In September of 2017, the BOV amended its Bylaws and Manual to include Section 2.22 that allowed for the appointment of a Faculty Member to the Board for a one-year term. Section 2.22 of the Manual states:

 

SECTION 2.22 FACULTY NONVOTING MEMBER — In addition to those members appointed by the Governor and referred to in Section 2.2, the Board of Visitors at its late spring meeting may appoint a nonvoting, advisory faculty representative to the Board of Visitors for a term of one year commencing July 1.  Such representative shall be chosen from individuals elected by the faculty or by the faculty senate.  The faculty member may attend and participate in a nonvoting capacity in all deliberations and meetings, in Open and Closed Session, of the standing and special committees of the Board as well as meetings of the Board of Visitors itself unless the Board has deemed it appropriate to exclude the faculty member from discussions of faculty grievances, faculty or staff disciplinary matters or salaries, or any other matter.

 

However, this information was never communicated to the Faculty Senate or its Executive committee by the Board or the then Faculty representative to the BOV. As a result, during the period September 2017 to May 2018, the Faculty Senate failed to deliberate and construct a procedure for electing such representative names to be submitted to the BOV in the Spring of 2018.

 

In early-May 2018 the then Chair of the Senate, Alf Weaver, received a telephone call from the Rector of the BOV informing him that he, as Immediate Past Chair, would not, be appointed as the Non-Voting Faculty Member of the BOV for the 2018-19 term as had been custom for the previous three years.  Instead, the Board would reappoint the faculty representative who had served in this capacity during the previous term.
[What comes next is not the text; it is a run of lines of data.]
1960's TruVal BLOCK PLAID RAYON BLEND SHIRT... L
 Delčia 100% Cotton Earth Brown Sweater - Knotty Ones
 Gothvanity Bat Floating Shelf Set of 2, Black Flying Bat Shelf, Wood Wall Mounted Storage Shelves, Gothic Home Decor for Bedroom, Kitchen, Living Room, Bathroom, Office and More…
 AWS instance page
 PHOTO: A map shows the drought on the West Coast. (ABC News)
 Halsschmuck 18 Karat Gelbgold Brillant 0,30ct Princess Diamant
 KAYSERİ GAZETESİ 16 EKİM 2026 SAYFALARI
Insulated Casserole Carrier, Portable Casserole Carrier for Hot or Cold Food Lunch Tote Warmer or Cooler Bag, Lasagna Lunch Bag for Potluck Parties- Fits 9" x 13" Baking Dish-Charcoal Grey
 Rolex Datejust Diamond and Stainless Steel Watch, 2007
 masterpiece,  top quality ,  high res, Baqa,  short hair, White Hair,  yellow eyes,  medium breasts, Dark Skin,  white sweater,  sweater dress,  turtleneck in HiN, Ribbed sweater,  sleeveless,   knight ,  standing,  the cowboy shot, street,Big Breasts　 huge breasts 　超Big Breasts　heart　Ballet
The Rector cited issues related to transitions of other administrative positions at the University and diversity as the reasons. Between the time of that call in early-May and June 1, 2017, the Chair of the Faculty Senate did not communicate that decision to the Executive Council of the Faculty Senate.

 

On June 1, 2018, Faculty Senate Chair Alf Weaver e-mailed the Senate stating, “Today marks our annual leadership transitions: Peter Brunjes becomes Chair, Ellen Bassett becomes Chair-elect, and I become immediate past chair.  Mimi Riley will continue in her role as the faculty representative on the Board of Visitors.”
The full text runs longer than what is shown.